With the pictures omitted, print exactly the lines below, from the one containing "Maszyna do rozbijania" through the one containing "Cute Pencil Case", and nothing else.

**The records**
· · ·

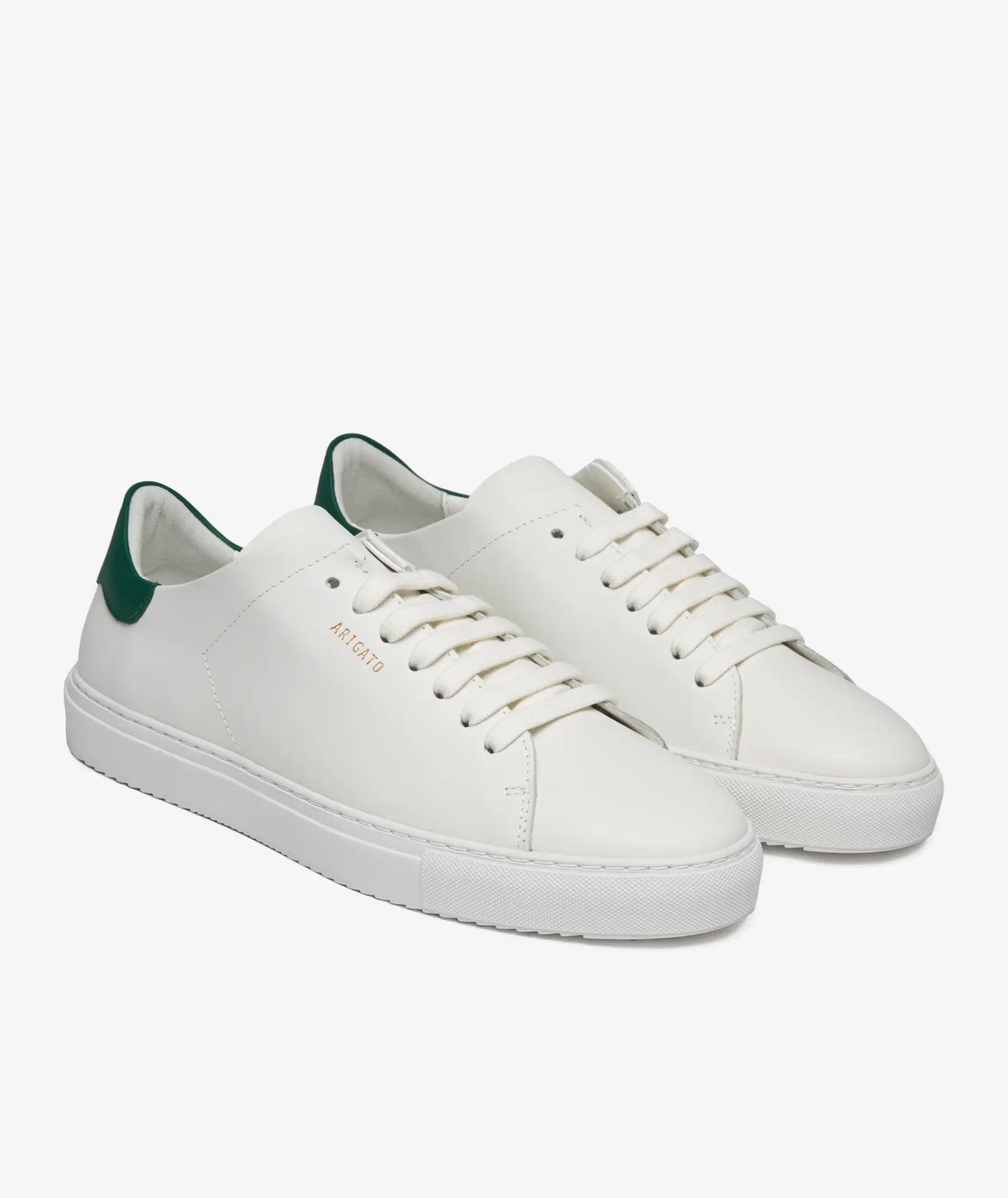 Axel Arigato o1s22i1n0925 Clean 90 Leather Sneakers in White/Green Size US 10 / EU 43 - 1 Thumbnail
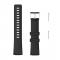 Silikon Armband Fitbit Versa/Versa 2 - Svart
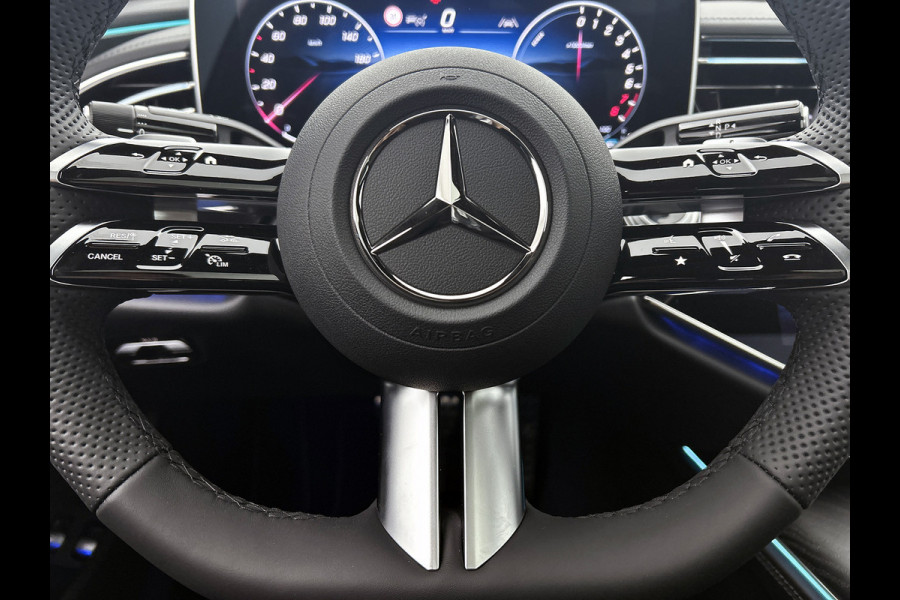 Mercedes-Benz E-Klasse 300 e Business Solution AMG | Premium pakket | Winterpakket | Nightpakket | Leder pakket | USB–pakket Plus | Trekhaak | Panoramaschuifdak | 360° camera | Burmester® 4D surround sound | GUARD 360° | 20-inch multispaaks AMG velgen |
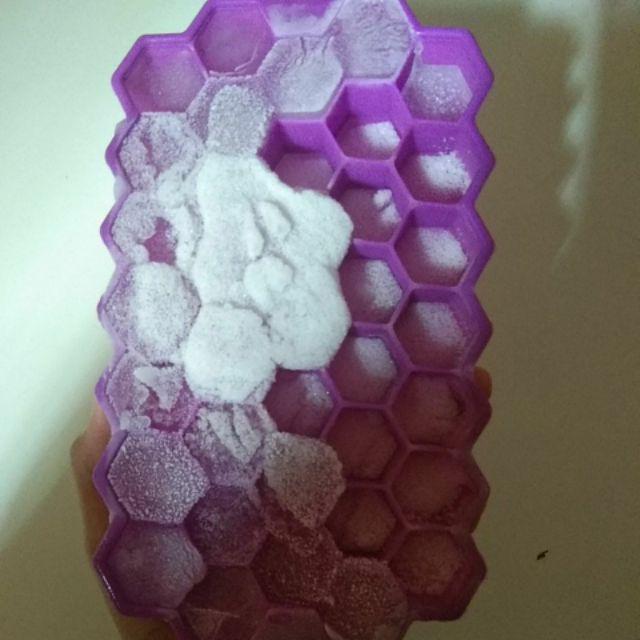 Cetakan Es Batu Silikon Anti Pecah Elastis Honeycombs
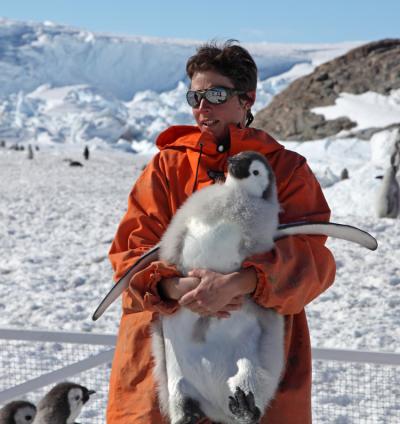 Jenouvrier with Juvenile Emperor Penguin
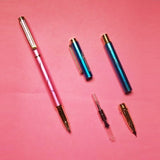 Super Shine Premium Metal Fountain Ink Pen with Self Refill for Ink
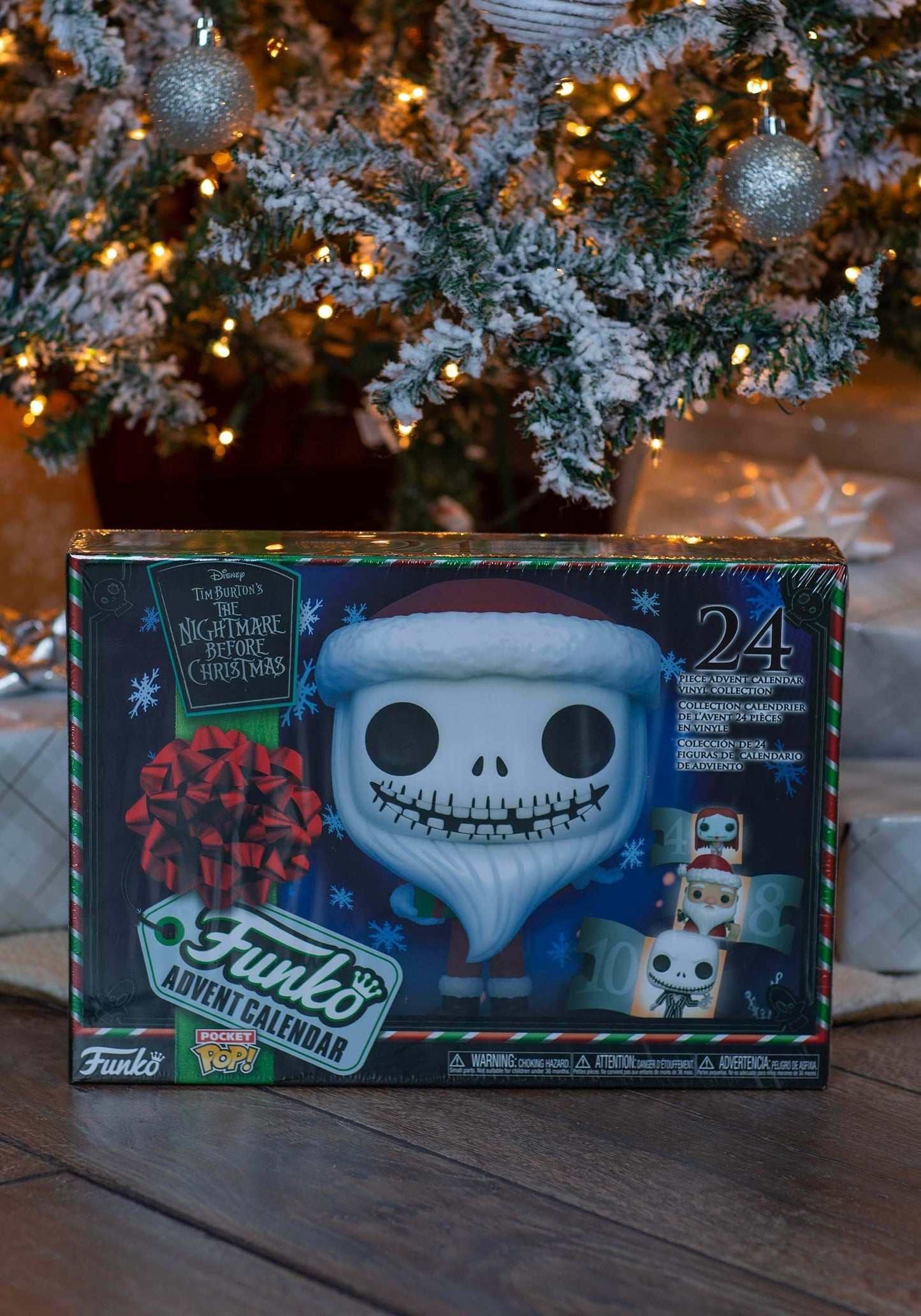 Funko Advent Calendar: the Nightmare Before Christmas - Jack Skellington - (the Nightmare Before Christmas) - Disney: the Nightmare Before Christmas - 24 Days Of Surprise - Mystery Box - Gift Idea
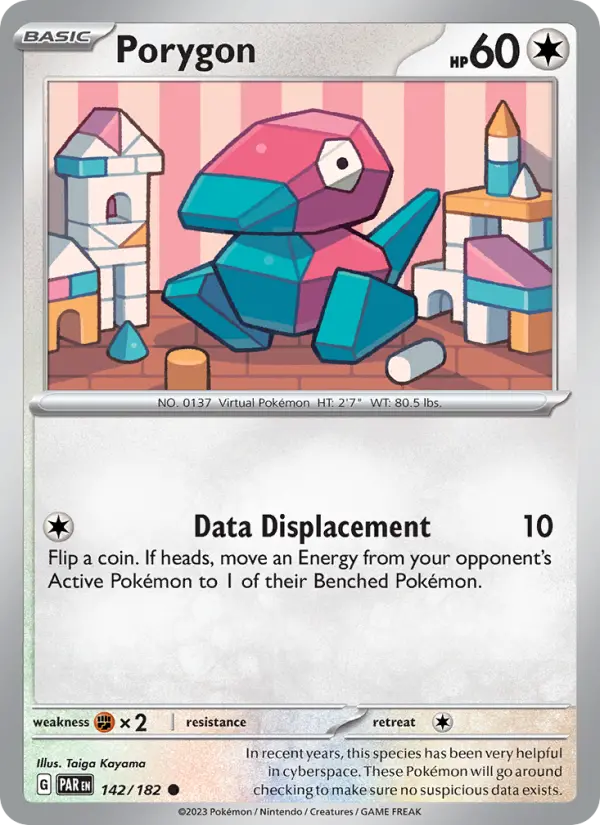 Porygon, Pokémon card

· · ·

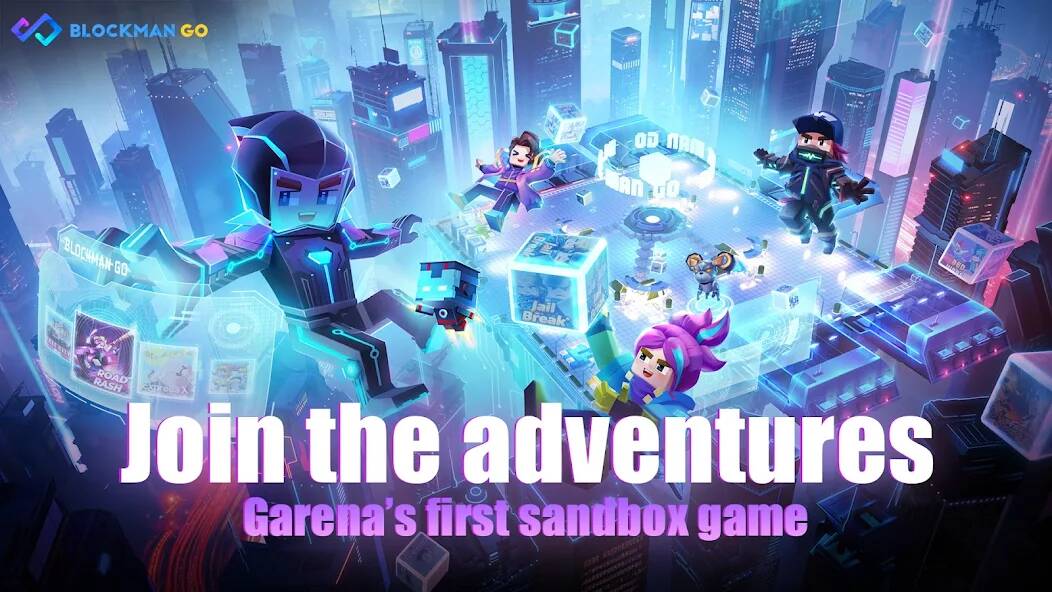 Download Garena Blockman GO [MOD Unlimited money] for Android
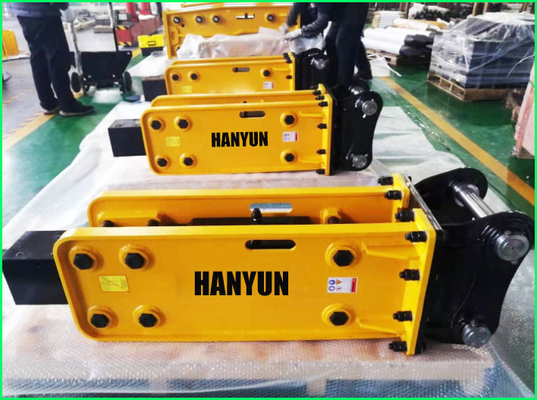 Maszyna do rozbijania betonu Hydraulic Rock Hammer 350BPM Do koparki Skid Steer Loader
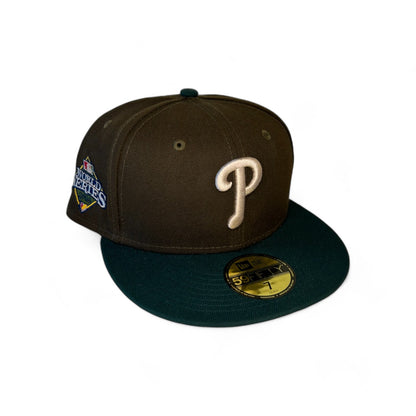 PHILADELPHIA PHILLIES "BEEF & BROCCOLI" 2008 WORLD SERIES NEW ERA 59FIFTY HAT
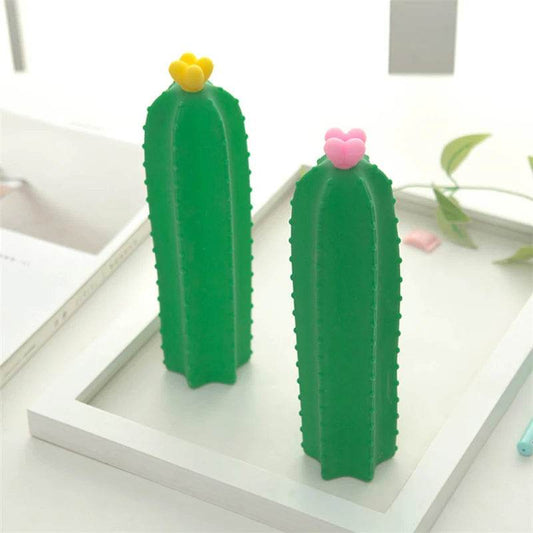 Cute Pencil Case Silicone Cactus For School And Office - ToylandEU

· · ·

**Exercise result**
 Maszyna do rozbijania betonu Hydraulic Rock Hammer 350BPM Do koparki Skid Steer Loader
 PHILADELPHIA PHILLIES "BEEF & BROCCOLI" 2008 WORLD SERIES NEW ERA 59FIFTY HAT
 Cute Pencil Case Silicone Cactus For School And Office - ToylandEU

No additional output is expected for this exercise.